STUDY MATERIAL:
───

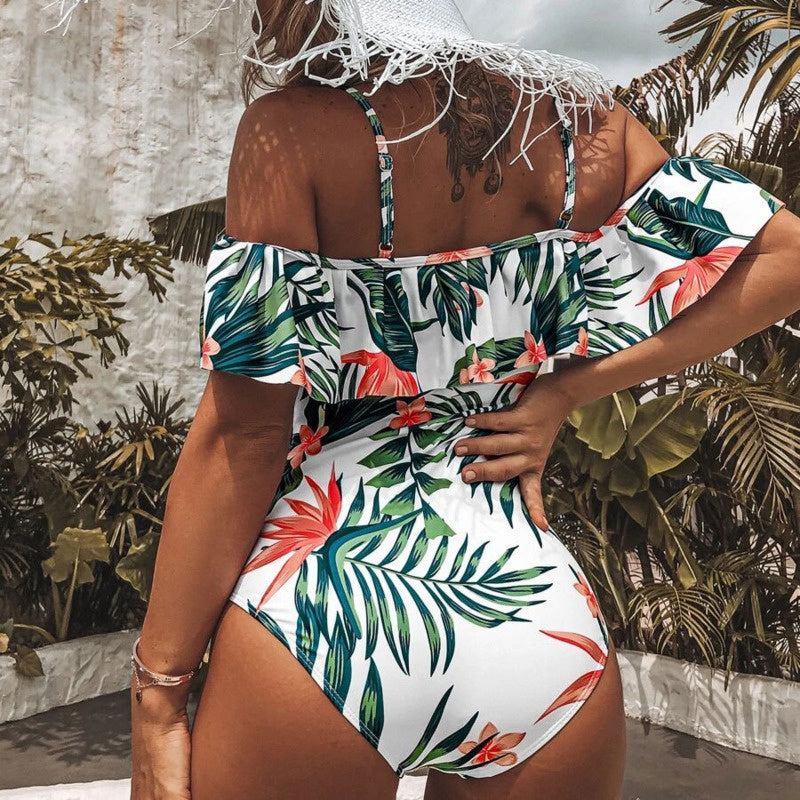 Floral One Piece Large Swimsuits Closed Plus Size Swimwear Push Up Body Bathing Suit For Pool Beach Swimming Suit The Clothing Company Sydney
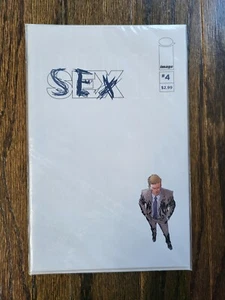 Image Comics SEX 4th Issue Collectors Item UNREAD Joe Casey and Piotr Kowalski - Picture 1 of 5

───

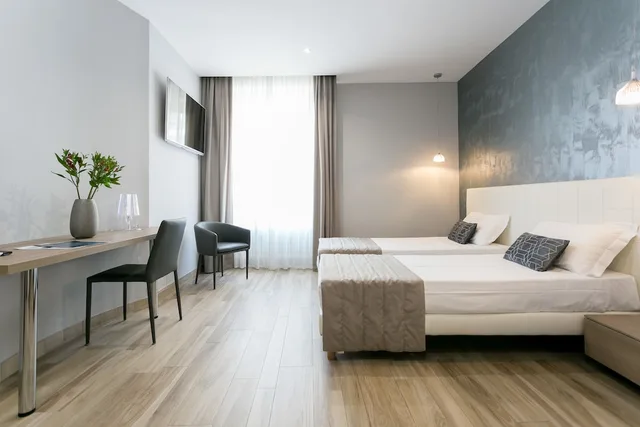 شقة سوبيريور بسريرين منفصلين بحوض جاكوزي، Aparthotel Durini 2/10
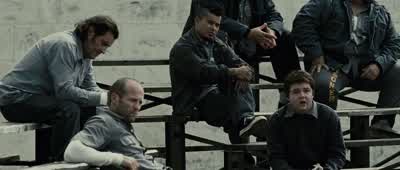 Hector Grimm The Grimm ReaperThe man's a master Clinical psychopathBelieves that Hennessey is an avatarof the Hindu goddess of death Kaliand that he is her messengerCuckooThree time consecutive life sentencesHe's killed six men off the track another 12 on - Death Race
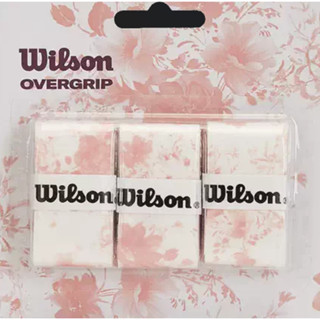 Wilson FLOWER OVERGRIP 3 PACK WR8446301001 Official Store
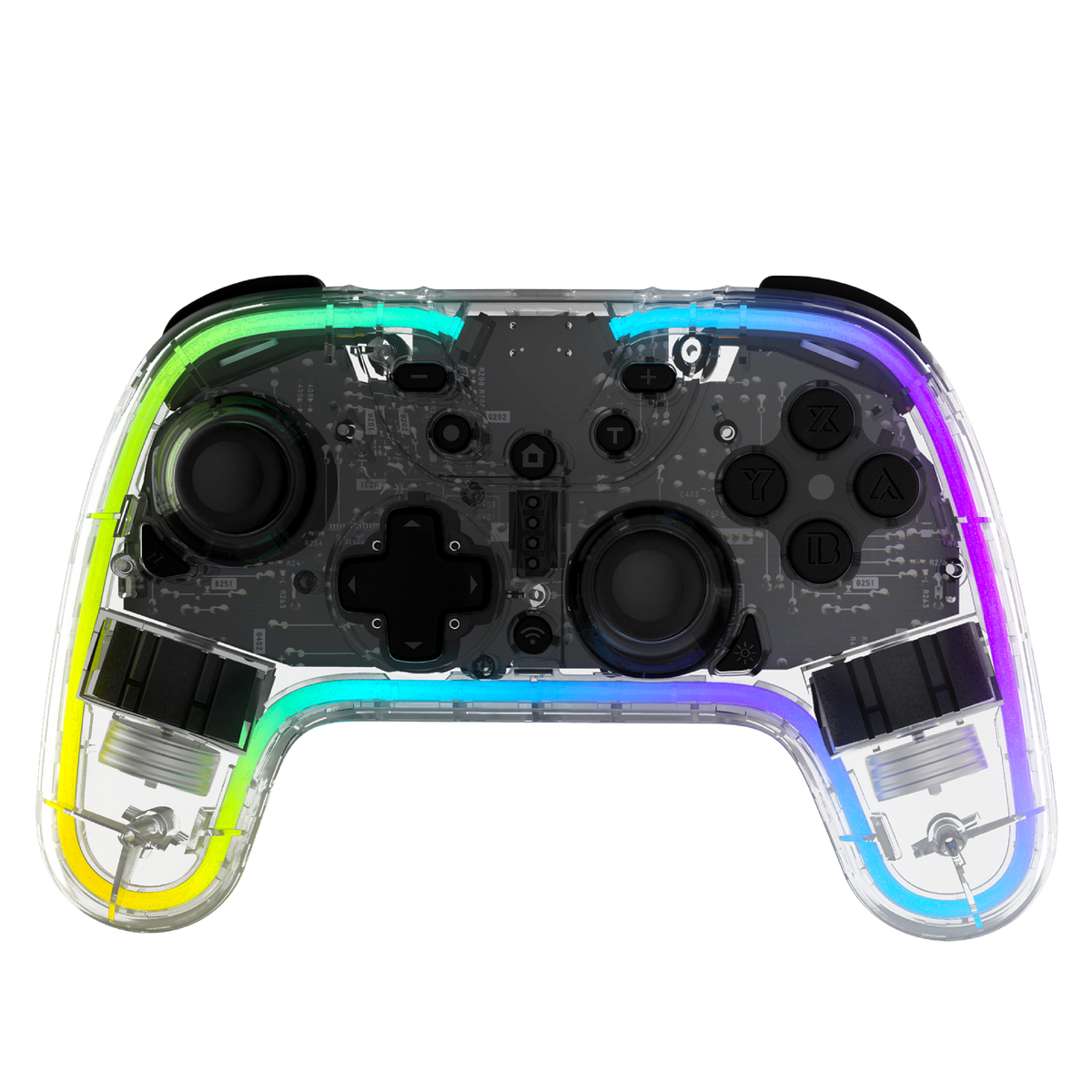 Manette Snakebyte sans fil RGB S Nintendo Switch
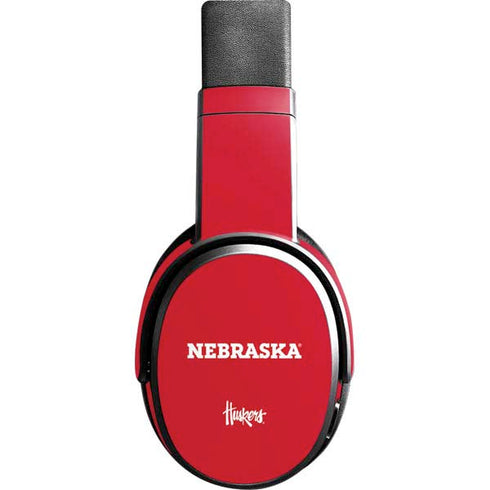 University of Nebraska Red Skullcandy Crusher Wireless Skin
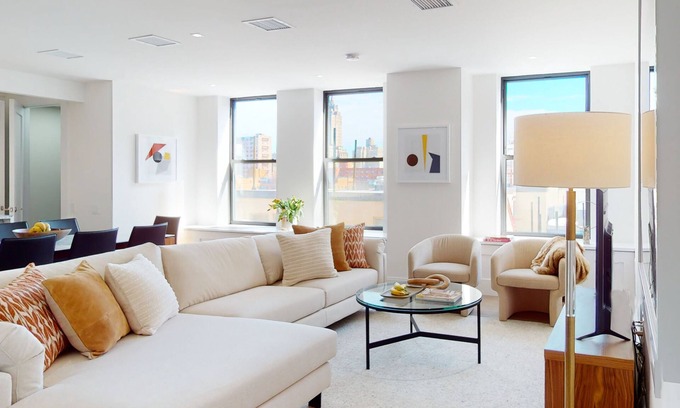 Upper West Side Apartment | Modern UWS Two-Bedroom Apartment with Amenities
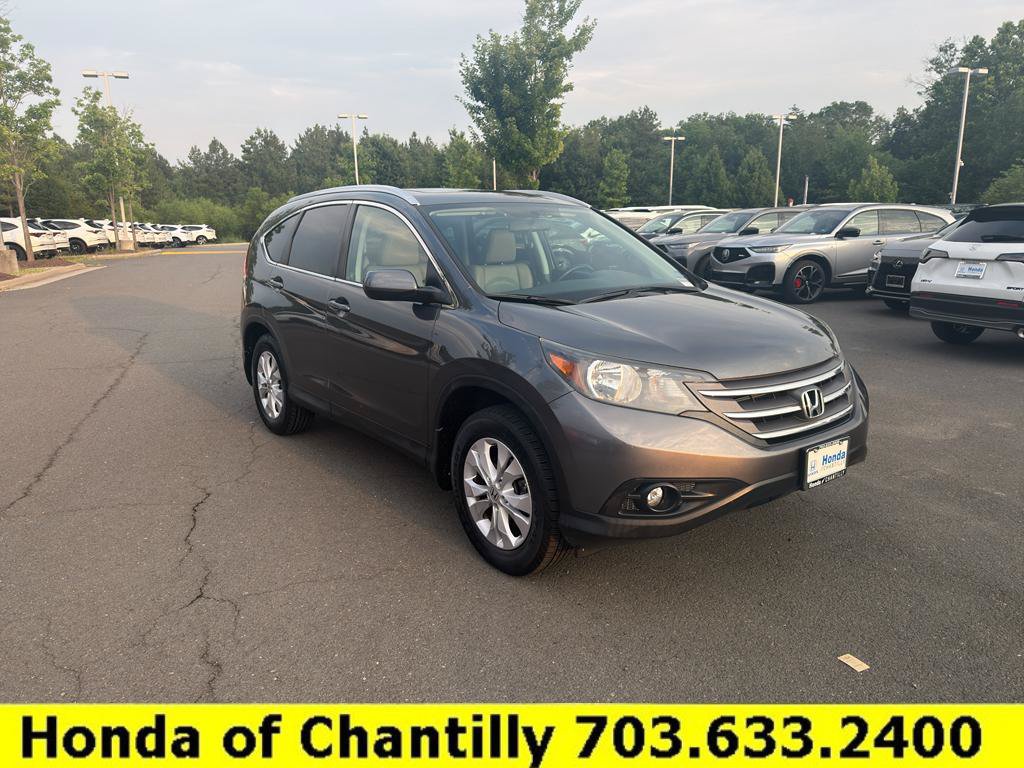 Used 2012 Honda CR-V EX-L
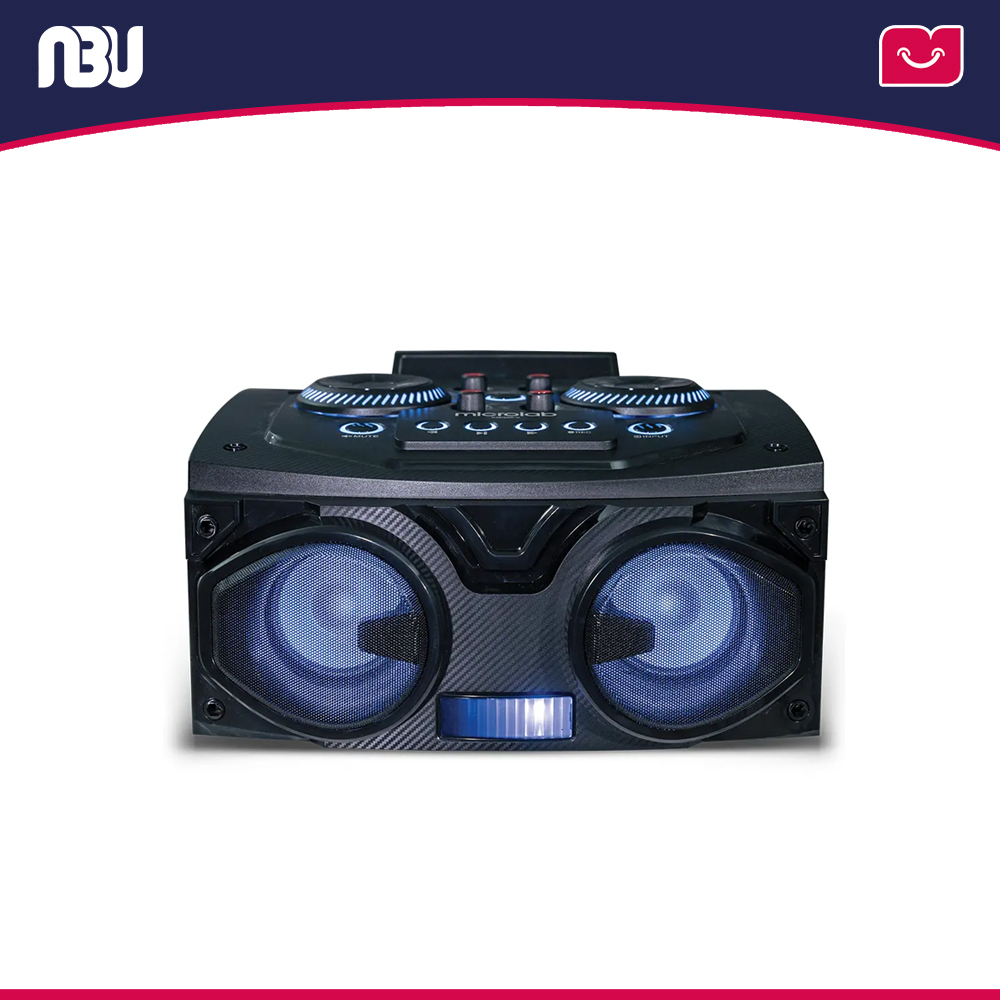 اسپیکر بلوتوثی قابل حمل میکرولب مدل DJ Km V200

───

Everything above from the line containing "Floral One Piece" through the line containing "Image Comics SEX" must be repeated exactly, and the pictures must be left out.

ANSWER FOR THE TASK:
 Floral One Piece Large Swimsuits Closed Plus Size Swimwear Push Up Body Bathing Suit For Pool Beach Swimming Suit The Clothing Company Sydney
 Image Comics SEX 4th Issue Collectors Item UNREAD Joe Casey and Piotr Kowalski - Picture 1 of 5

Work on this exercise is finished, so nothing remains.